■ **Prompt**: Print the records below exactly. Omit every picture.
#### Dataset records ####
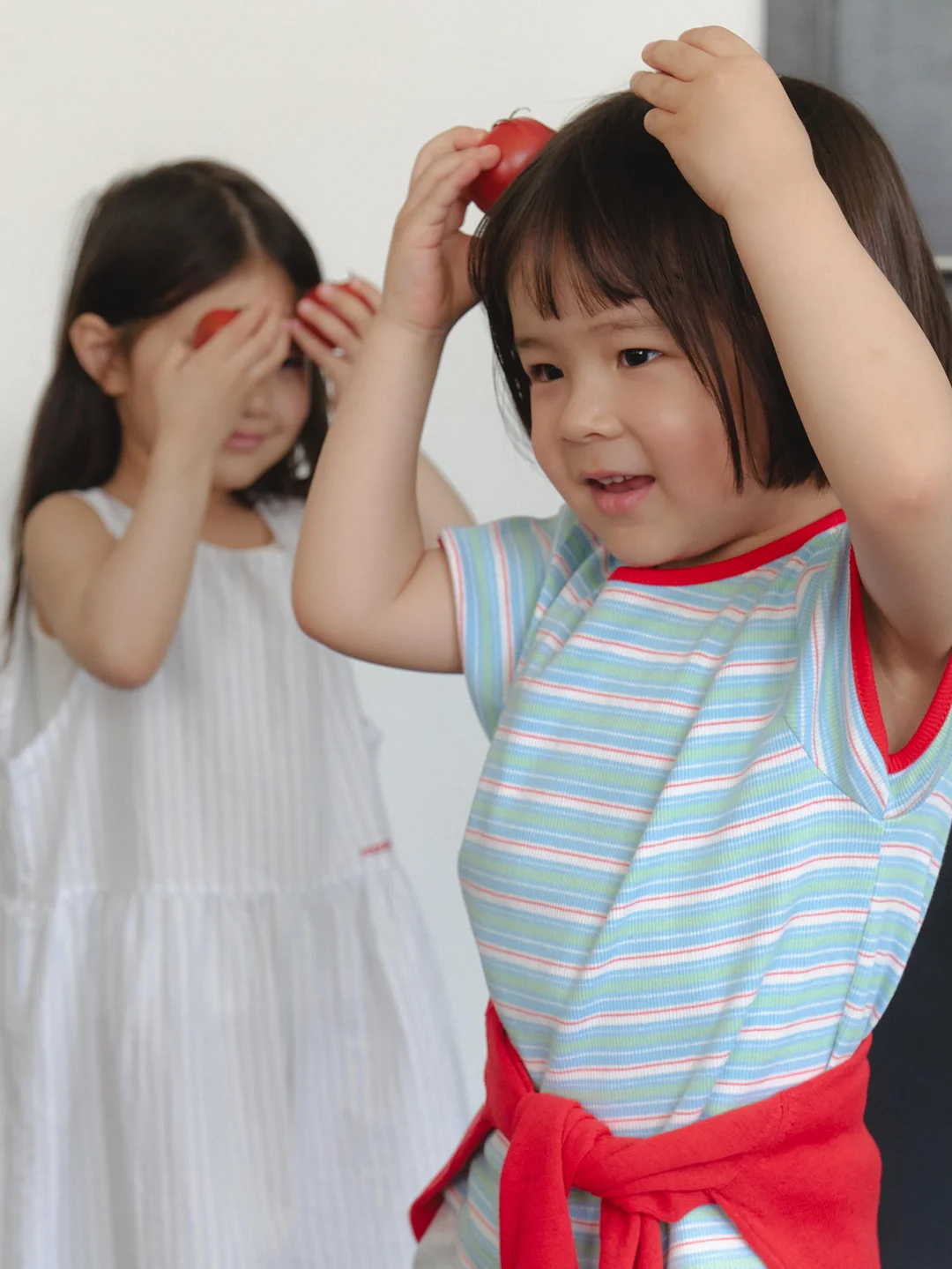 推し活ポシェット gingham collection 2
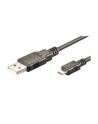 m-cab Kabel Mcab USB - Micro USB  1m  czarny - nr 3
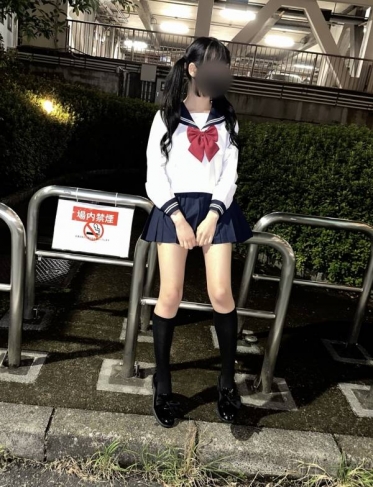 かなしいめるちゃん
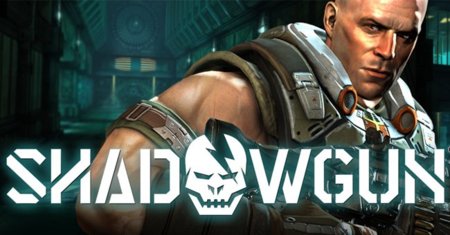 ShadowGun, acción en tercera persona para los dispositivos más potentes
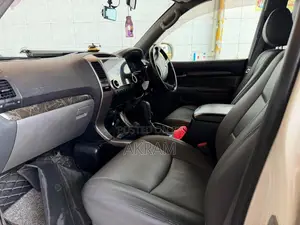 Toyota Prado 2008 SUV (Used)
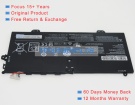 5b10k10176 battery store, lenovo 7.5V 34Wh batteries for canada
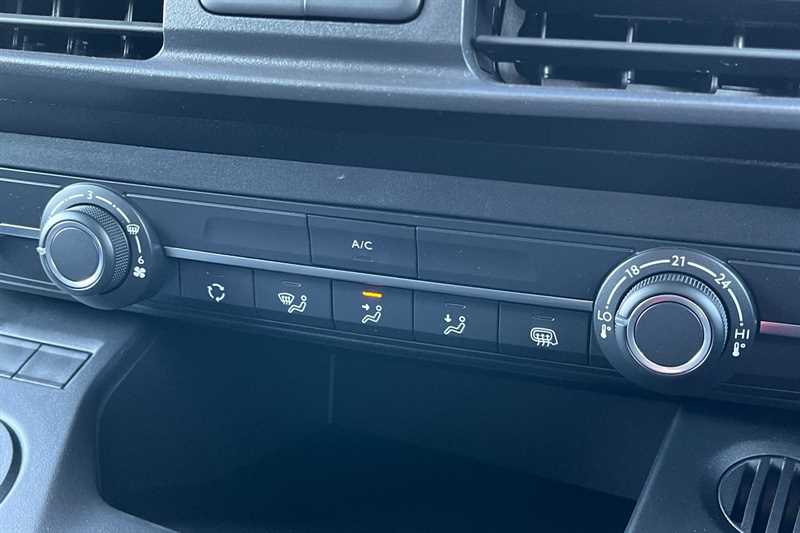 Used Vauxhall Combo 2025 for sale - 76956025: Photo 15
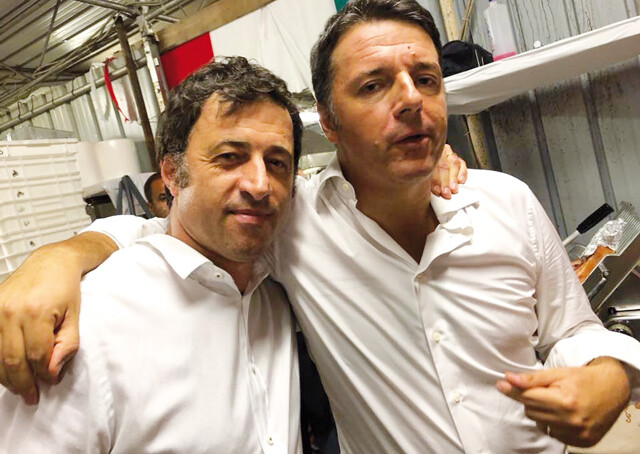 Renzi Fagnani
####
■ **Solution**:
 推し活ポシェット gingham collection 2
 m-cab Kabel Mcab USB - Micro USB  1m  czarny - nr 3
 かなしいめるちゃん
 ShadowGun, acción en tercera persona para los dispositivos más potentes
 Toyota Prado 2008 SUV (Used)
 5b10k10176 battery store, lenovo 7.5V 34Wh batteries for canada
 Used Vauxhall Combo 2025 for sale - 76956025: Photo 15
 Renzi Fagnani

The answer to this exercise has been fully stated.